Top Hong Kong Cricket Association official Dinesh Tandon (pictured) said measures already in place in previous years would be tightened following allegations that the event had been the target of match-fixing and spot-fixing syndicates last year.
'We will have very stringent procedures in place,' the HKCA chairman said.
'Players will be monitored during the tournament, they won't be allowed to have mobile phones and will not be allowed to come into contact with the public in the players' area.'
While these steps have been in place in the past, officials will be under orders to ensure the rules are strictly adhered to this year after the competition became embroiled in a match-fixing scandal earlier this year when a group of New Zealand players at the 2010 tournament said they had been approached by a 'Middle Eastern diamond dealer' who had offered them gifts.
The players told the International Cricket Council (ICC) of the suspicious approach, raising fears of possible match- or spot-fixing. Heath Mills, the New Zealand players' association CEO, then called for cricket's governing body to deploy its anti-corruption officials at the Sixes and similar unofficial tournaments.
The ICC investigated the incident but the matter has now been put aside, according to Tandon, who has maintained that the Sixes have always been 'corruption-free'.
'Nothing came of the ICC investigation and that incident has been put to rest,' he said. 'But this does not mean we will relax. We will remain vigilant and we have taken steps to ensure nothing untoward happens.'
While the players can be monitored during play from Friday to Sunday at the Kowloon Cricket Club, Tandon said they had no control of what the 12 teams did outside the playing environment or as to whom they came into contact with.
'But we have told the liaison managers who will be accompanying them to dinners and other functions to report to us if anything suspicious happens,' Tandon said.
The HKCA will also brief all team managers on the ICC's code of conduct before the tournament.

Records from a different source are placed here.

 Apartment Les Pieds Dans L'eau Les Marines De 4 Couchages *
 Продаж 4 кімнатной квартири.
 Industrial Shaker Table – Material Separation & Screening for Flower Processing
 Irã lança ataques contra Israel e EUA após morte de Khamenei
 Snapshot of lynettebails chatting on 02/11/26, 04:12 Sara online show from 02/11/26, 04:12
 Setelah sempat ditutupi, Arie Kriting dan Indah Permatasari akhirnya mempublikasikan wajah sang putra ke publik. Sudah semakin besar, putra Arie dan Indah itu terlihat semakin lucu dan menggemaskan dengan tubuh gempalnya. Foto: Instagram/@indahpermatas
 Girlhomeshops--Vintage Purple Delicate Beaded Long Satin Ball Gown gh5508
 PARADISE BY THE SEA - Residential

'In 2003, the ICC sent its anti-corruption unit to the Hong Kong Sixes but now they only send them to events which are an ICC event,' Tandon said. 'The ICC provides this service now, but we would have to pay for it. We are not having it as we believe we can control it and ensure the Sixes are free of any mischief.'
Australia will defend their title at an expanded 12-team competition starting on Friday. For the first time, an international Twenty20 game will also be played, when the All Stars, including Sri Lankan legend Sanath Jayasuriya and Pakistan's Shahid Afridi, take on the Rest of the World led by all-rounder Abdul Razzaq.